> Activity
Leaving out the pictures, please reproduce exactly and only the lines from the one that contains "央视直播U23亚洲杯中国队对阵伊拉克比赛精彩瞬间将于明晚十点呈现" through the last line below.

> Material provided
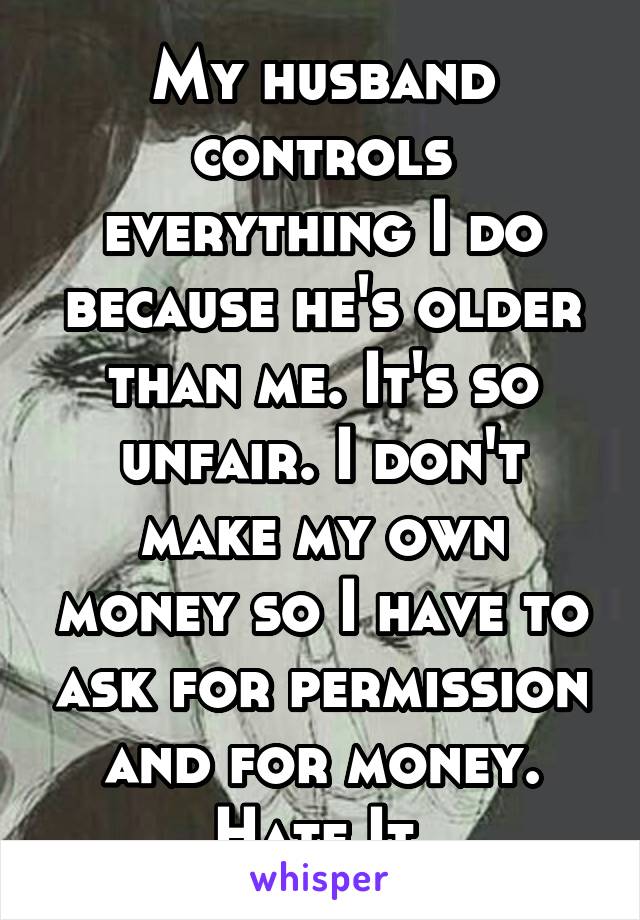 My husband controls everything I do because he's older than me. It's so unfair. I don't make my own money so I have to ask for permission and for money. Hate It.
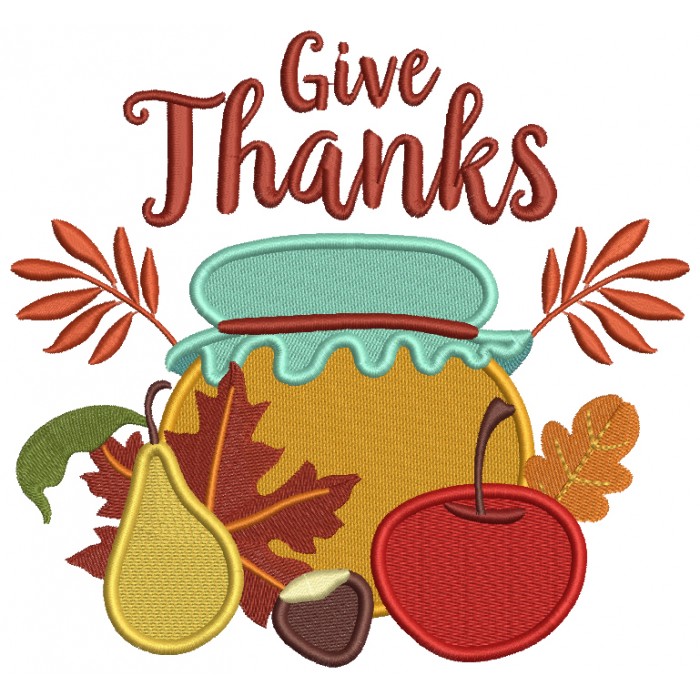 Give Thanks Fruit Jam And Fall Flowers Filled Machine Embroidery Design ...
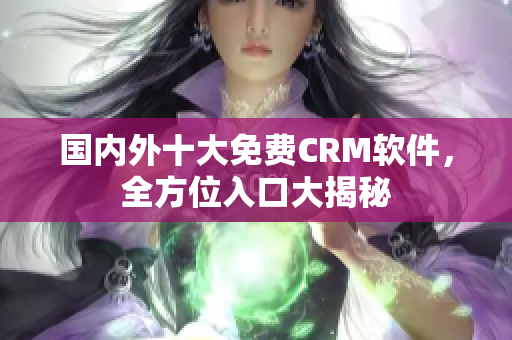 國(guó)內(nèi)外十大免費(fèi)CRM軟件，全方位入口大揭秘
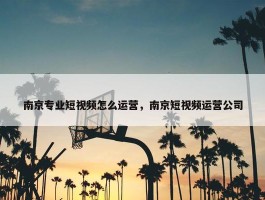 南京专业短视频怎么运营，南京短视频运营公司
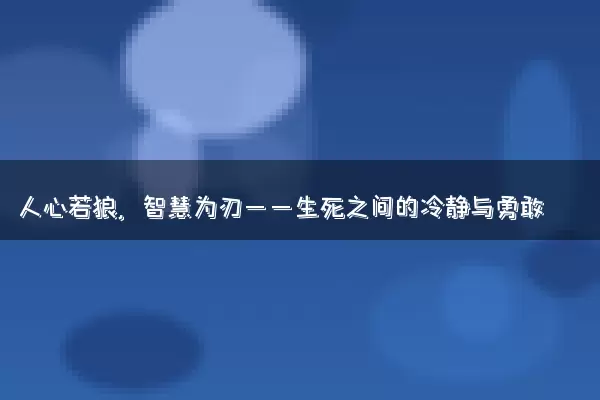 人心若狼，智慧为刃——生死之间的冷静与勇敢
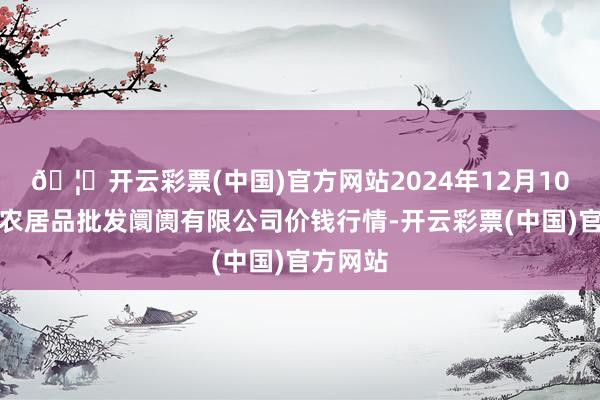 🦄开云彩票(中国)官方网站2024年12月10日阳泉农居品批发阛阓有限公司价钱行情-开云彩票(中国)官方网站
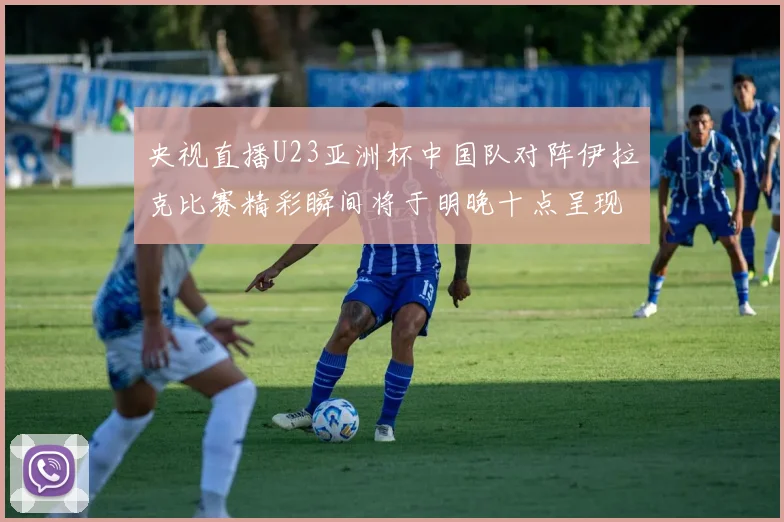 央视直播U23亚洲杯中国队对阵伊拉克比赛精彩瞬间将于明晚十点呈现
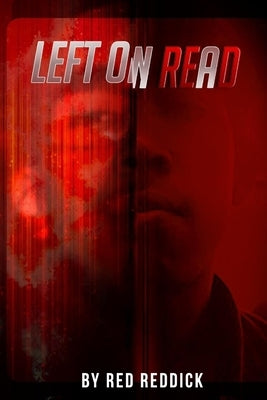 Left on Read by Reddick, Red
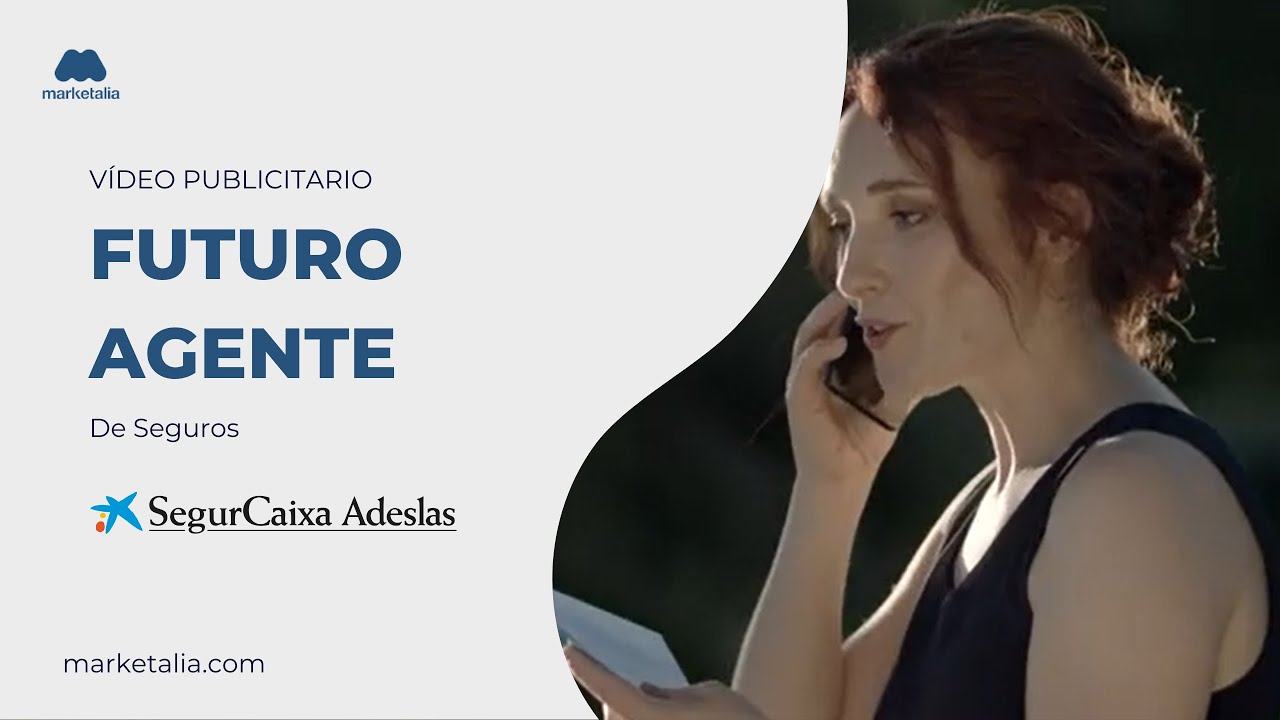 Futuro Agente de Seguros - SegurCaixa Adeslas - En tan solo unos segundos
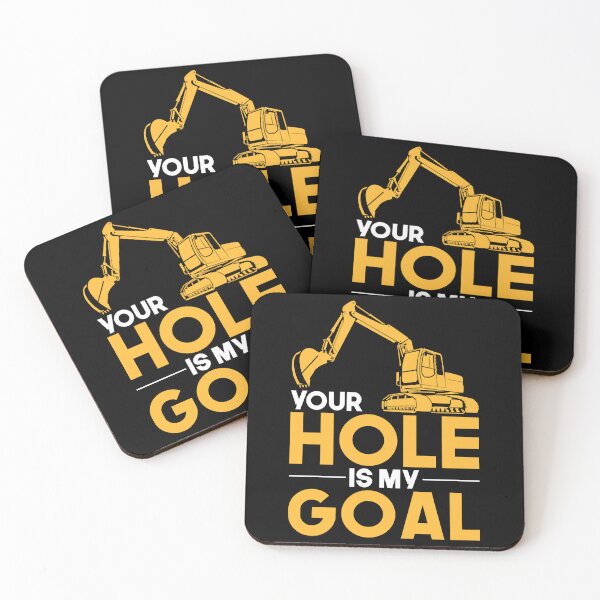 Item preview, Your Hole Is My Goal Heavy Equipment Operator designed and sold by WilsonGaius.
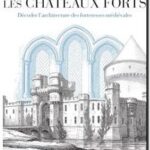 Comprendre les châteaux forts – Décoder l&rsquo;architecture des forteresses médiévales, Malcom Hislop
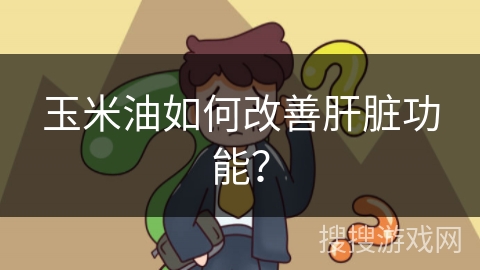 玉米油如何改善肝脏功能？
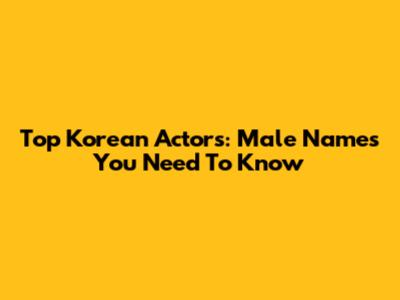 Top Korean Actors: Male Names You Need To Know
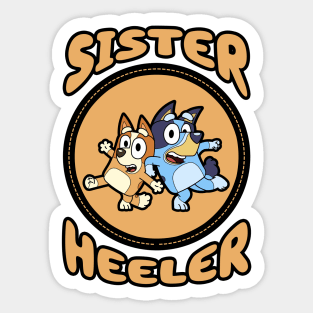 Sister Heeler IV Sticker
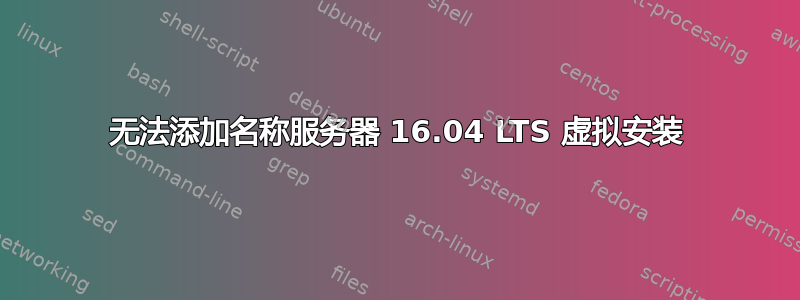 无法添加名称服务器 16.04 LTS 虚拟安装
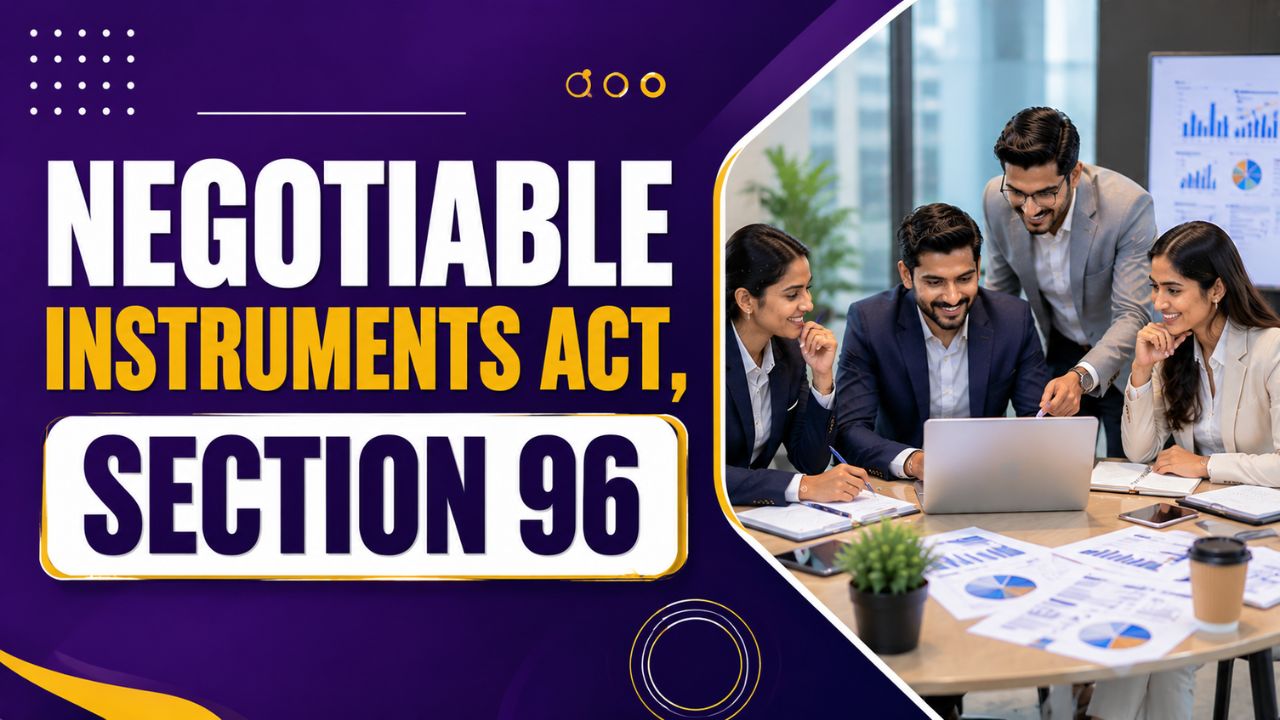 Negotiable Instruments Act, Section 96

> Answer
 央视直播U23亚洲杯中国队对阵伊拉克比赛精彩瞬间将于明晚十点呈现
 Left on Read by Reddick, Red
 Futuro Agente de Seguros - SegurCaixa Adeslas - En tan solo unos segundos
 Item preview, Your Hole Is My Goal Heavy Equipment Operator designed and sold by WilsonGaius.
 Comprendre les châteaux forts – Décoder l&rsquo;architecture des forteresses médiévales, Malcom Hislop
 玉米油如何改善肝脏功能？
 Top Korean Actors: Male Names You Need To Know
 Sister Heeler IV Sticker
 无法添加名称服务器 16.04 LTS 虚拟安装
 Negotiable Instruments Act, Section 96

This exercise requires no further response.